Another 3 singer, just to give an idea of vibe if that's what you're looking for


----------



## Praimfaya (May 25, 2017)

When I think of 3w2 women, I get the impression of solar femininity. So, there's a definite yang aspect to their energy. I think the need to do of the three makes their energy radiate outwards in general, and then you have the two who also naturally moves outwards towards others as a coping mechanism for their subconscious fear of rejection. Even if the actual 3w2 happened to be an introvert, I think that _something_ in his or her energy would have a solid outward flow. This could be seen in the way they carry themselves, an expression in the eyes, in the details of their reactions, etc. Imagine an internal sense of regality combined with societal expectations regarding women's physical appearance and behavior and hit with a touch of the siren's song.

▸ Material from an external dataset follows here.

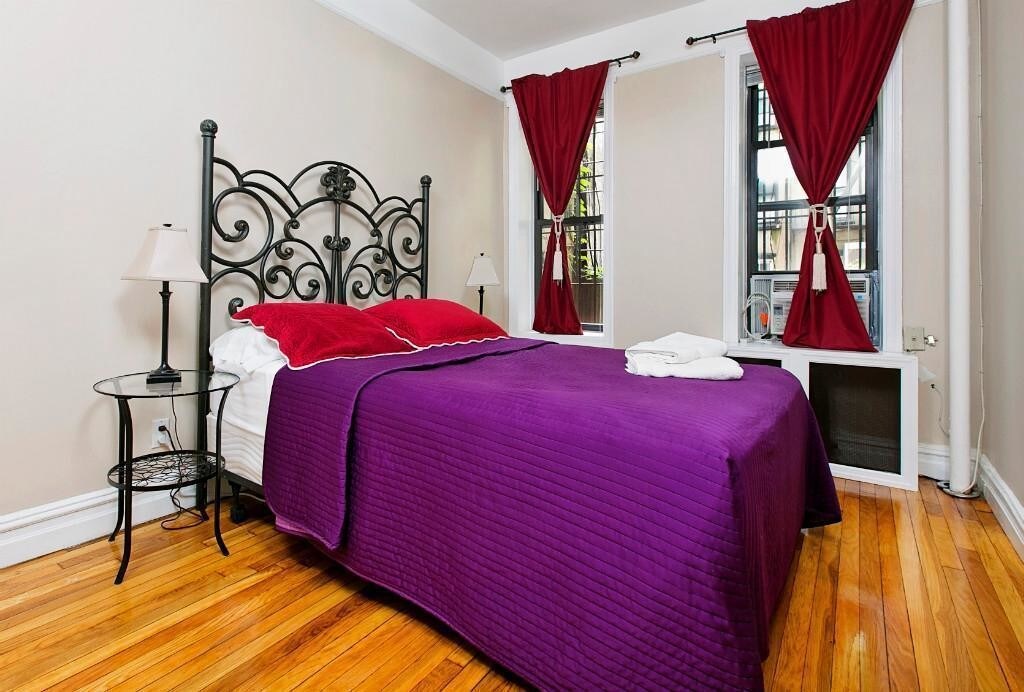 Foto principal - 240 W 52nd St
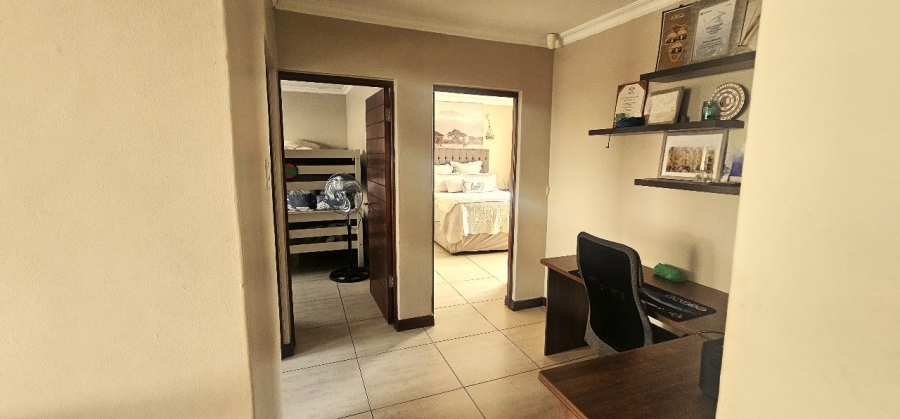 To Let 3 Bedroom Property for Rent in Cashan North West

The _image_ of femininity will, I think, be strong, but it's a femininity that is in control of its projections and interactions. It can play soft and demure, but is not soft and demure. You could have here a tigress playing at the sex kitten.

I see 3w4, by contrast, as more yin-influenced and controlled. I see this as a softer influence egoistically, even with the typical icy reserve oft noted about the combination. Half of the energy here travels inward, and while part of it wants to peek out and be noticed, it will play interactions closer to the vest - less tigress and more slinky black cat.


----------



## Firemoon (Sep 19, 2015)

My sister, who happens to be 3w2 (ESTP), is kinda feminine but not too hysteric. She's expressive though, it's quite ironic considering that I'm INFJ and Feelers have the reputation to be demonstrative, but people often say I'm much more blunt/colder than my sister. I think it's due to her extroversion and to our enneagram type.


----------



## typethisperson (Feb 4, 2017)

Firemoon said:


> My sister, who happens to be 3w2 (ESTP), is kinda feminine but not too hysteric.


is she girly?


----------



## Firemoon (Sep 19, 2015)

typethisperson said:


> is she girly?


What do you mean? Is she soft or something?


----------



## typethisperson (Feb 4, 2017)

Firemoon said:


> What do you mean? Is she soft or something?

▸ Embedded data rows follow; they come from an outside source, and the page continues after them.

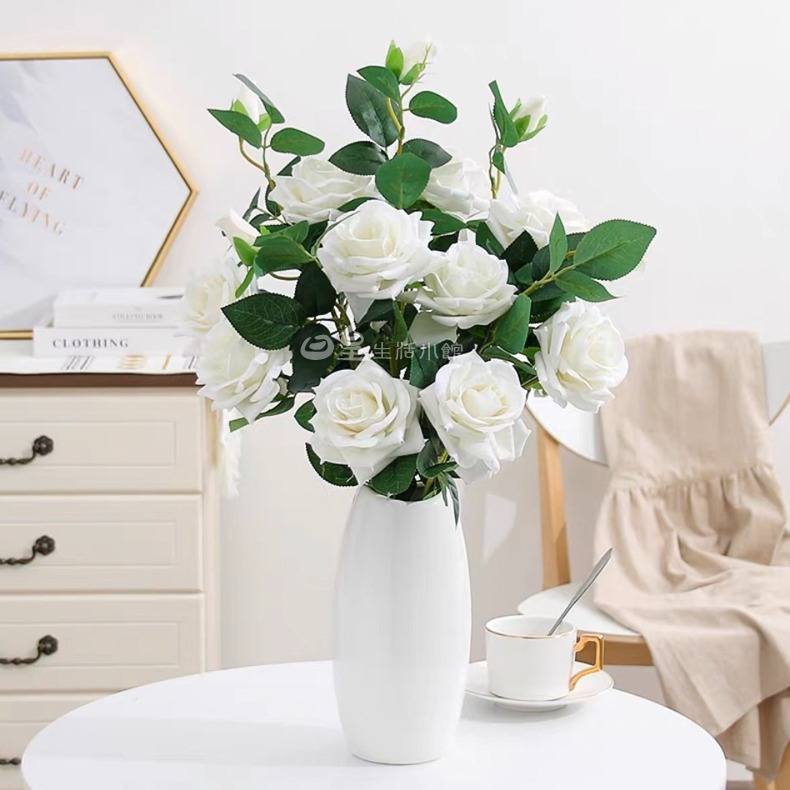 仿真玫瑰花 玫瑰花 拍照道具 仿真花 三頭玫瑰花 絨布玫瑰花 婚禮佈置 拍攝道具 擺飾 裝飾 佈置 台灣現貨 日皇-細節圖2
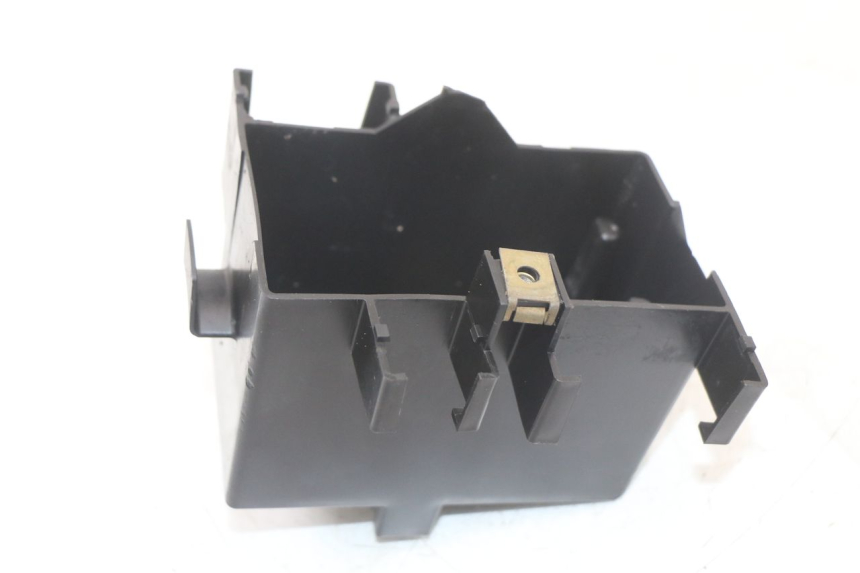 photo de BATTERY TRAY PEUGEOT LUDIX 50 (2005 - 2007)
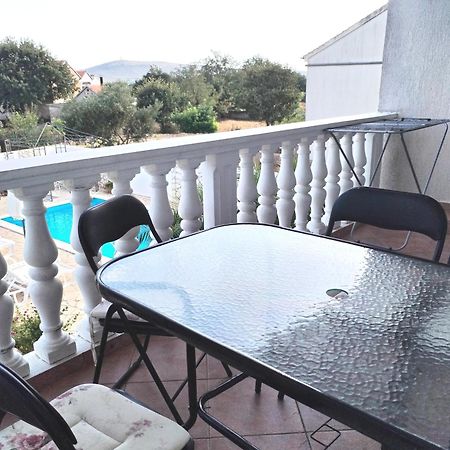 Apartments"Nika" With Private Pool Galovac  Esterno foto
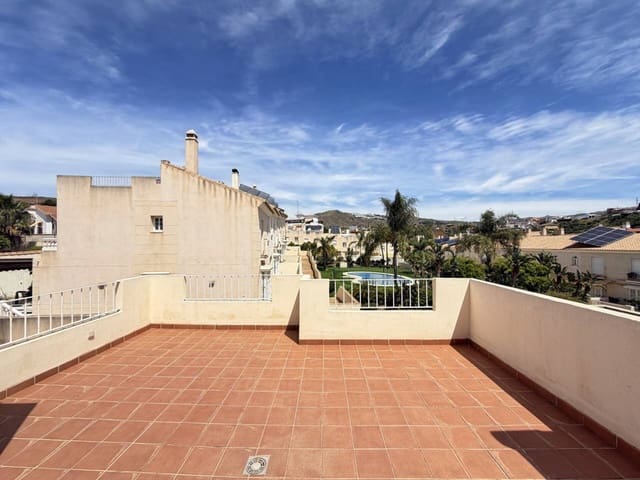 3 chambre Villa/Maison Mitoyenne à vendre à Torre de Benagalbon, Rincón de la Victoria avec piscine garage - 465 000 € (Ref: 9841999)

does she wear make up and wear dresses and read gossip magazines etc.


----------



## Firemoon (Sep 19, 2015)

typethisperson said:


> does she wear make up and wear dresses and read gossip magazines etc.


Well, I mean, most girls wear make up and dresses although I know not every girl would do that. And no, she doesn't read gossip magazines. I think she's girly to some extent but she doesn't totally fit the "girly" stereotype, she still uses her head lol.


----------



## Darkbloom (Aug 11, 2013)

I'd say yes more often that not, although probably not necessarily to this extent:

* *















And definitely depends on what they value but I find it hard to imagine that a female 3w2 wouldn't value being feminine/have some kind of feminine image.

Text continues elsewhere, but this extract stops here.